Nike Aktie: Investorenmeinungen gesammelt
Nike muss seinen Konzernumbau gleichzeitig an mehreren Fronten vorantreiben. Neben weiteren Stellenstreichungen rücken auch mögliche Cybersecurity-Probleme in den Fokus. Für Anleger zählt damit vor allem eines: Kommt der Konzern operativ wieder auf Kurs, ohne dass zusätzliche Sonderlasten entstehen?
Wichtigste Punkte auf einen Blick:
- 775 Stellen fallen weg, vor allem in US-Distributionszentren (Tennessee, Mississippi)
- Zusätzlich läuft eine Prüfung zu möglichen Datenleaks nach Ransomware-Vorwürfen
- Nächster Quartalsbericht wird für Mitte März erwartet
Stellenabbau in Logistikzentren
Nike streicht 775 Jobs, hauptsächlich in US-Verteilzentren in Tennessee und Mississippi. Das berichtete CNBC Ende Januar. Die Maßnahme folgt auf rund 1.000 Corporate-Stellen, die der Konzern bereits im vergangenen Sommer angekündigt hatte.

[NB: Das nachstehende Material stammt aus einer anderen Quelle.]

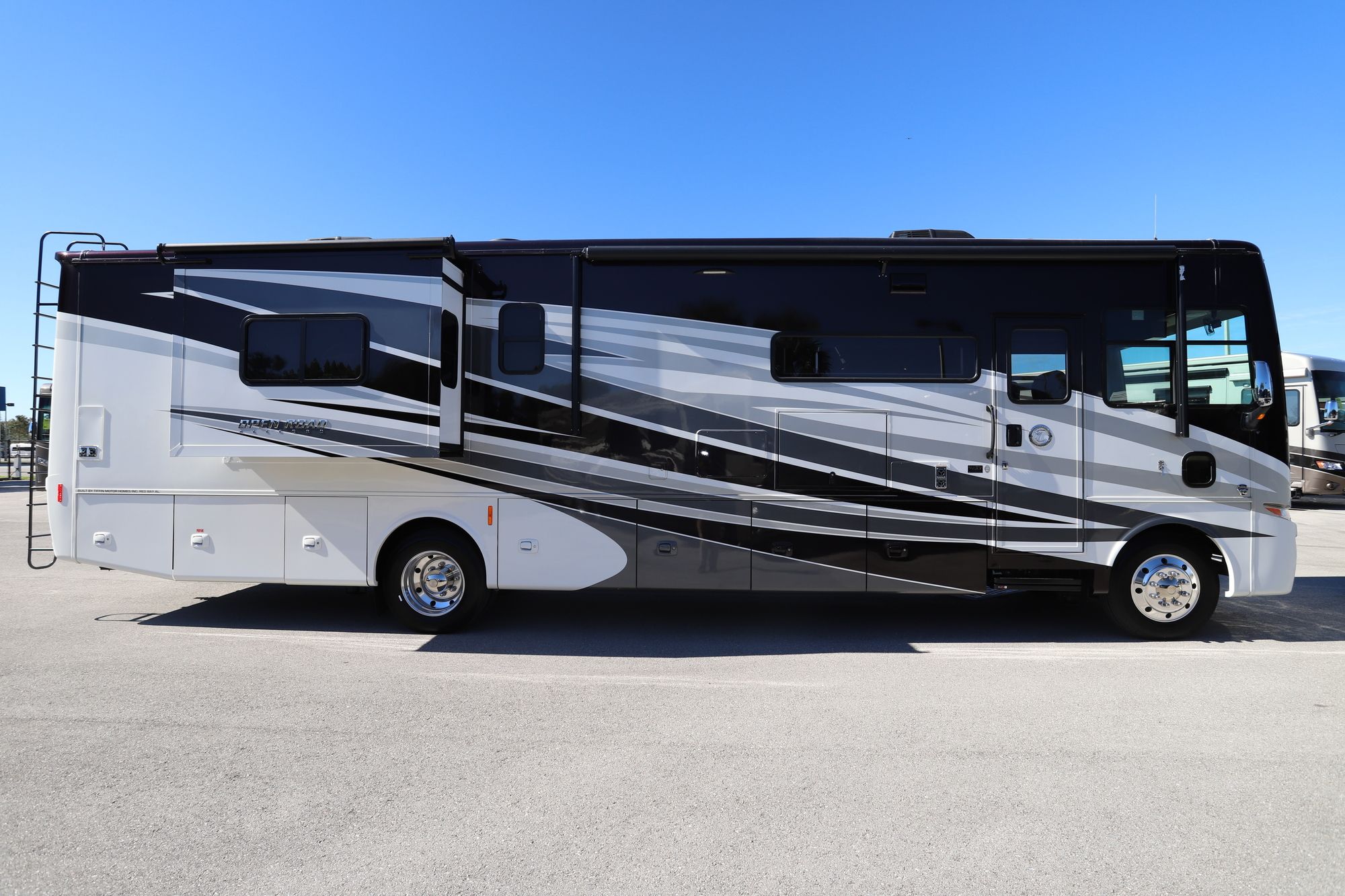 Used 2019 Tiffin Motor Homes Allegro 36UA Class A  For Sale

Gegenüber CNBC begründete Nike die Kürzungen mit dem Ziel, „Komplexität zu reduzieren“, flexibler zu werden und den Betrieb effizienter aufzustellen. Konkret verwies das Unternehmen auf eine Verschärfung des Supply-Chain-Zuschnitts, mehr Einsatz von moderner Technologie und Automatisierung sowie Qualifizierung der Teams.

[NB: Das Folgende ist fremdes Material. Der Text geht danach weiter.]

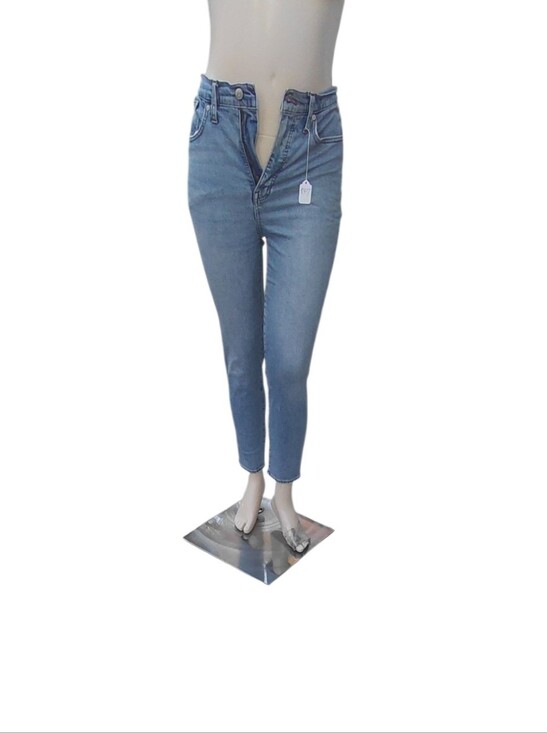 Madewell Denim - 8417....Women's Madewell High-Rise Straight Leg Mom Jeans Size 28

Der Turnaround als Leitmotiv
Die Einschnitte passen zu Nikes Plan, wieder zu dauerhaft profitablem Wachstum zurückzukehren und die Margen zu verbessern. Unter der aktuellen Führung arbeitet der Konzern laut CNBC daran, Beziehungen zu Großhandelspartnern wieder zu stärken, ältere Bestände abzubauen und die Produktinnovation neu zu beleben – nachdem sich das Wachstum zuletzt abgeschwächt und die Profitabilität unter Druck geraten war.

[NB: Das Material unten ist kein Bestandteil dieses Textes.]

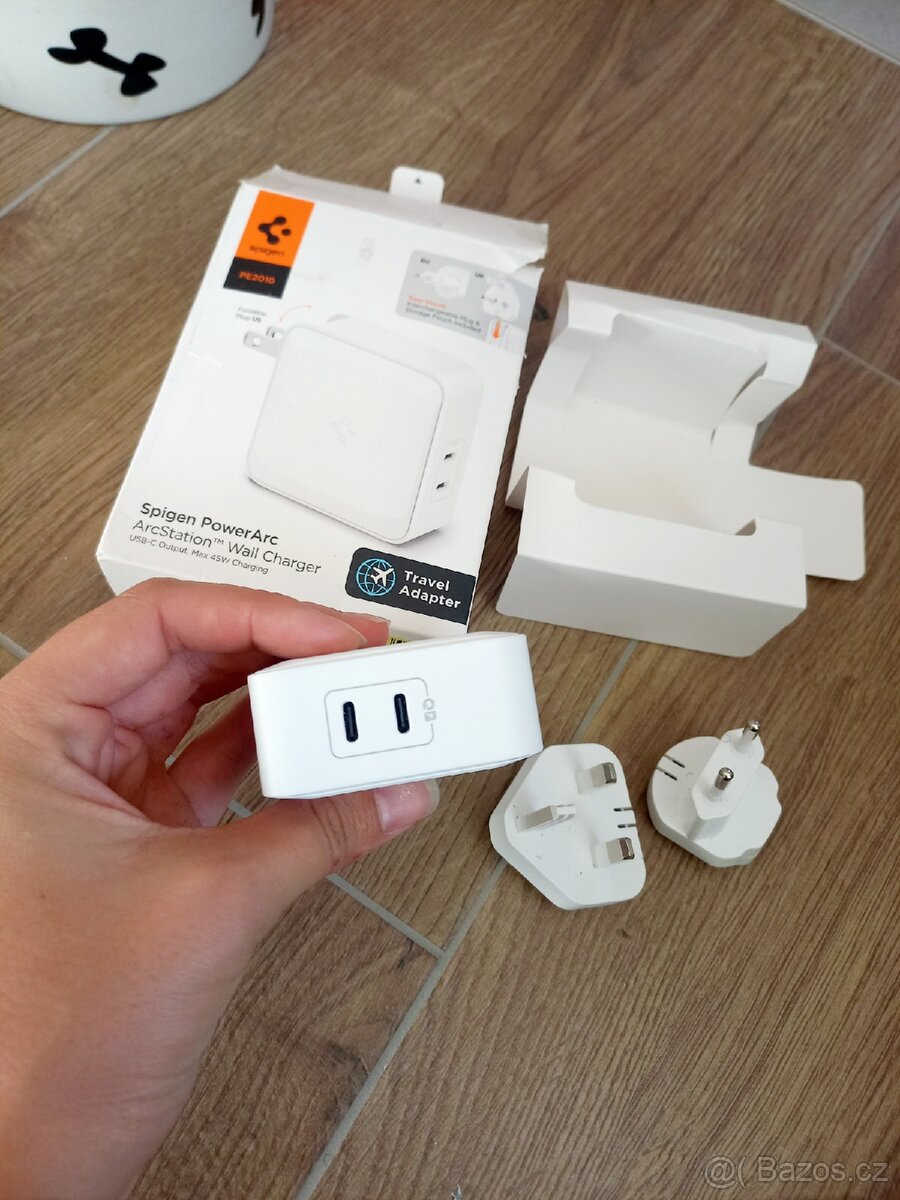 Cestovní adaptér do zásuvky nový - 3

Ein zentraler Hintergrund: In einer Phase, in der Nike den Direktvertrieb über eigene Läden und Websites stark priorisierte, wurden Distributionskapazitäten und Personalkörper deutlich ausgebaut. Laut CNBC tragen die heutigen Volumina diese Größenordnung nicht mehr.
Ransomware-Vorwürfe erhöhen die Unsicherheit
Zusätzlich untersucht Nike Vorwürfe einer Ransomware-Gruppe, wonach in großem Umfang Unternehmensdaten veröffentlicht worden sein sollen. Das berichtete Simply Wall St Ende Januar. Nike hat Umfang und Echtheit bislang nicht bestätigt und prüft mögliche Auswirkungen.
Was würde ein bestätigter Vorfall bedeuten? Bei einem Konsumgüterkonzern mit stark digital geprägten Plattformen wie Nike.com, SNKRS und Anbindungen an Handelspartner könnten – je nach Befund – Kosten für Rechtsfragen, Compliance und technische Bereinigung anfallen.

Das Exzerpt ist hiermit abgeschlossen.